**What is expected:** The required output is a verbatim transcription of the listing, pictures excluded.

:: Dataset content

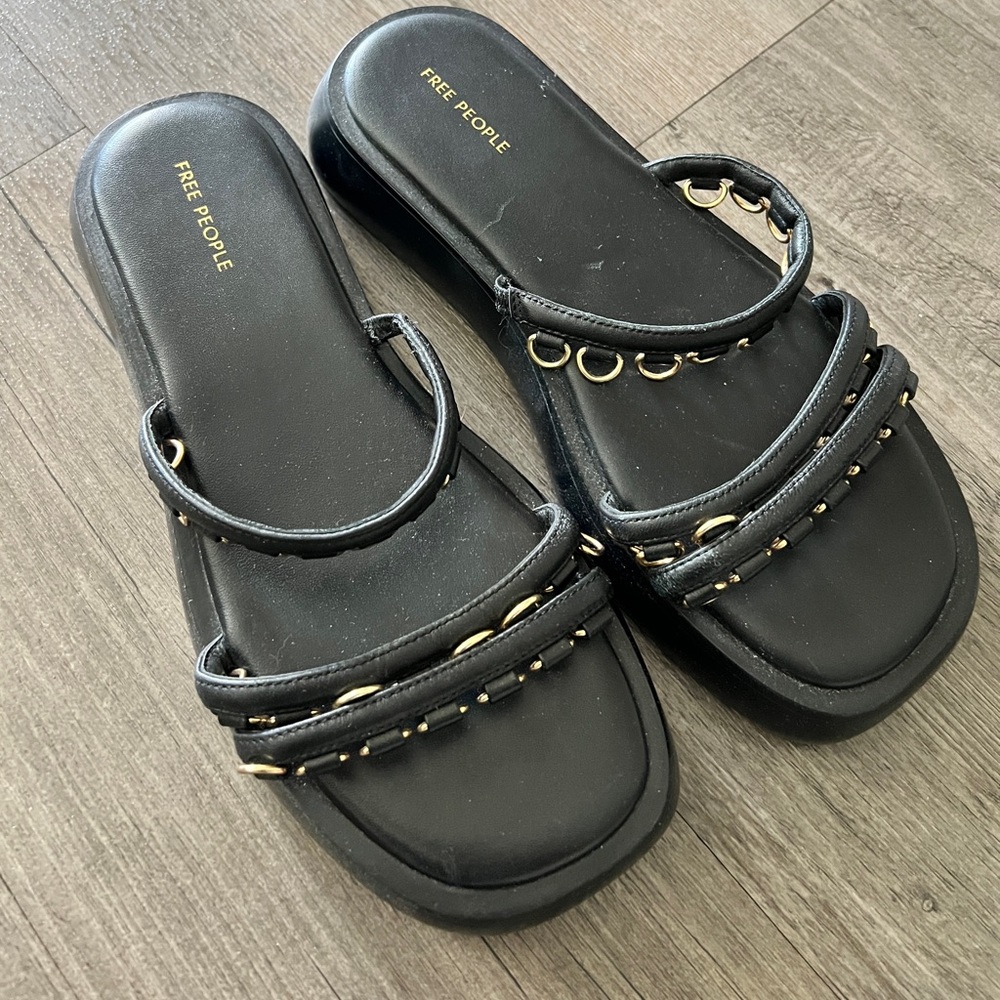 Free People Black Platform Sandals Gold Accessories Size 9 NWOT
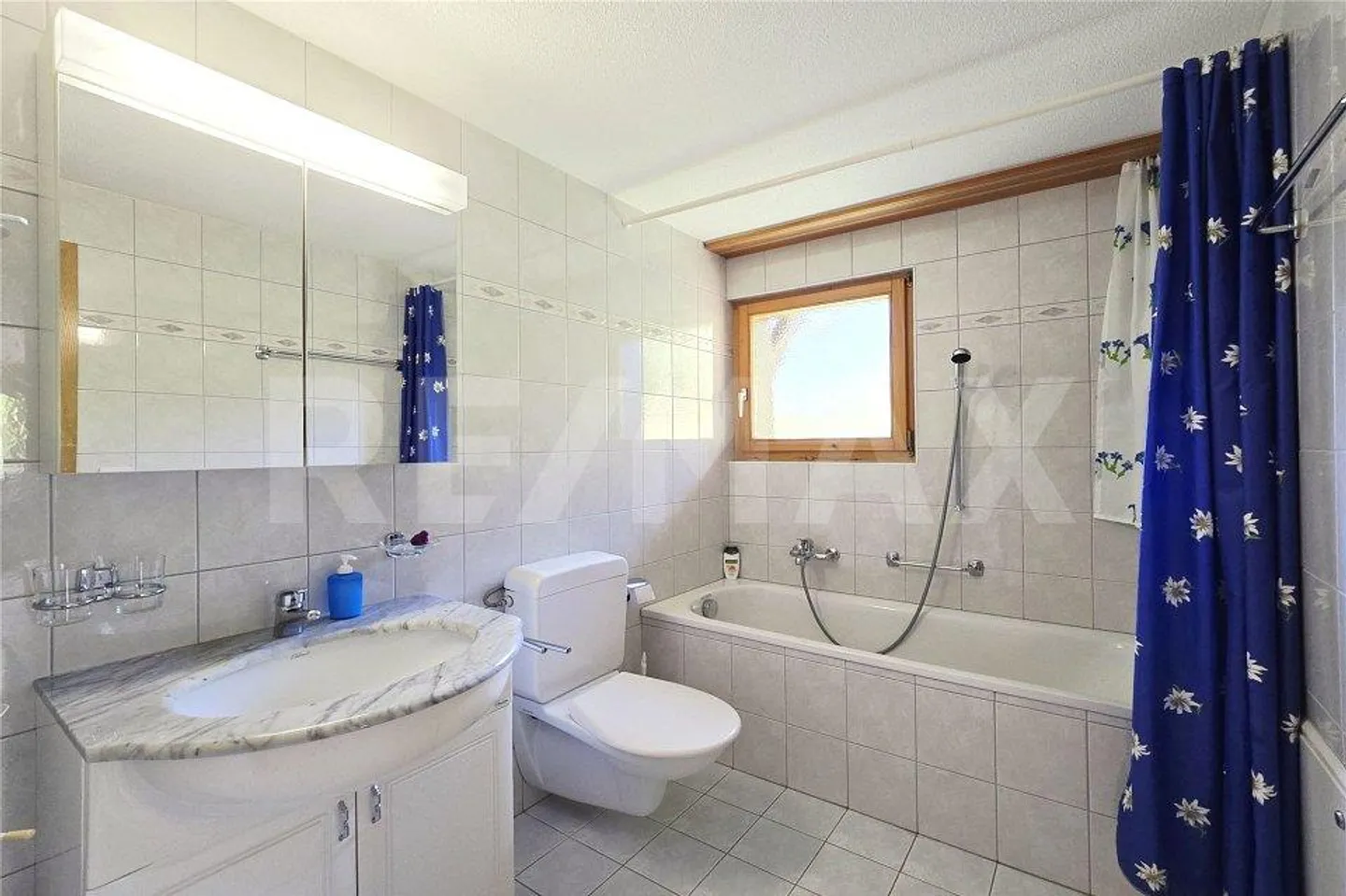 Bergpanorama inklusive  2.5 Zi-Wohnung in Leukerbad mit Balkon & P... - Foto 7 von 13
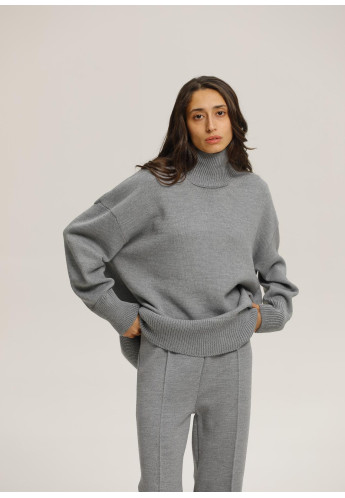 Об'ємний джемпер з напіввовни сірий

::::

**The completed task:**
 Free People Black Platform Sandals Gold Accessories Size 9 NWOT
 Bergpanorama inklusive  2.5 Zi-Wohnung in Leukerbad mit Balkon & P... - Foto 7 von 13
 Об'ємний джемпер з напіввовни сірий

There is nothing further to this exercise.